You are right, we want to be conservative here, So PAGE_ALIGN is fine
for end, but for start we need "& PAGE_MASK".


 
> > > +            end = PAGE_ALIGN(addr + size);
> > > +            res = rangeset_remove_range(mem_holes, start, end - 1);
> > > +            if ( res )
> > > +            {
> > > +                printk(XENLOG_ERR "Failed to remove:
> > > %#"PRIx64"->%#"PRIx64"\n",
> > > +                       start, end);
> > > +                goto out;
> > > +            }
> > > +        }
> > > +
> > > +        if ( dt_device_type_is_equal(np, "pci" ) )
> > > +        {
> > > +            unsigned int range_size, nr_ranges;
> > > +            int na, ns, pna;
> > > +            const __be32 *ranges;
> > > +            u32 len;
> > > +
> > > +            /*
> > > +             * Looking for non-empty ranges property which in the context
> > > +             * of the PCI host bridge device node describes the BARs for
> > > +             * the PCI devices.
> > I'd say that "it describes the PCI host bridge aperture"
> 
> ok, will update
> 
> 
> > 
> > 
> > > +             */
> > > +            ranges = dt_get_property(np, "ranges", &len);
> > > +            if ( !ranges || !len )

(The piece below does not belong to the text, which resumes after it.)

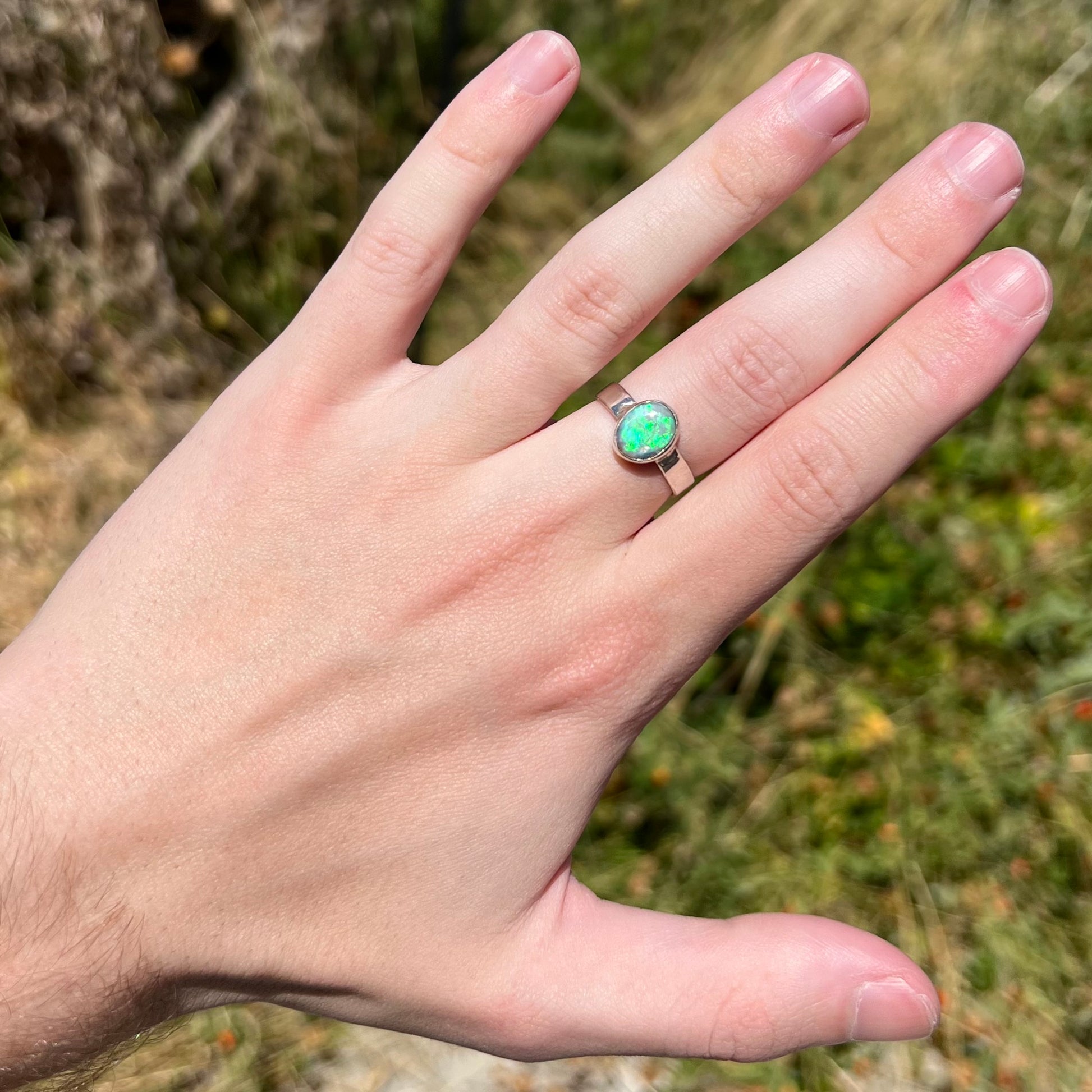 Hand wearing a natural Australian opal solitaire ring in sterling silver in outdoor sunlight; the opal has a green flash of color.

> > > +                continue;
> > > +
> > > +            pna = dt_n_addr_cells(np);
> > > +            na = dt_child_n_addr_cells(np);
> > > +            ns = dt_child_n_size_cells(np);
> > > +
> > > +            range_size = pna + na + ns;
> > > +
> > > +            nr_ranges = len / sizeof(__be32) / range_size;
> > > +
> > > +            for ( i = 0; i < nr_ranges; i++, ranges += range_size )
> > > +            {
> > > +                /* Skip the child address and get the parent (CPU)
> > > address */
> > > +                addr = dt_read_number(ranges + na, pna);
> > > +
> > > +                size = dt_read_number(ranges + na + pna, ns);
> > Parsing the PCI ranges property is never intuitive, but everything
> > checks out as far as I can tell
> > 
> > 
> > > +                start = addr & PAGE_MASK;
> > PAGE_ALIGN(start)
> 
> same here
> 
> 
> > 
> > 
> > > +                end = PAGE_ALIGN(addr + size);
> > > +                res = rangeset_remove_range(mem_holes, start, end - 1);
> > > +                if ( res )
> > > +                {
> > > +                    printk(XENLOG_ERR "Failed to remove:
> > > %#"PRIx64"->%#"PRIx64"\n",
> > > +                           start, end);
> > > +                    goto out;
> > > +                }
> > > +            }
> > > +        }
> > > +    }
> > > +
> > > +    start = 0;
> > > +    end = (1ULL << p2m_ipa_bits) - 1;
> > > +    res = rangeset_report_ranges(mem_holes, start, end,
> > > +                                 add_ext_regions,  ext_regions);
> > > +    if ( res )
> > > +        ext_regions->nr_banks = 0;
> > > +    else if ( !ext_regions->nr_banks )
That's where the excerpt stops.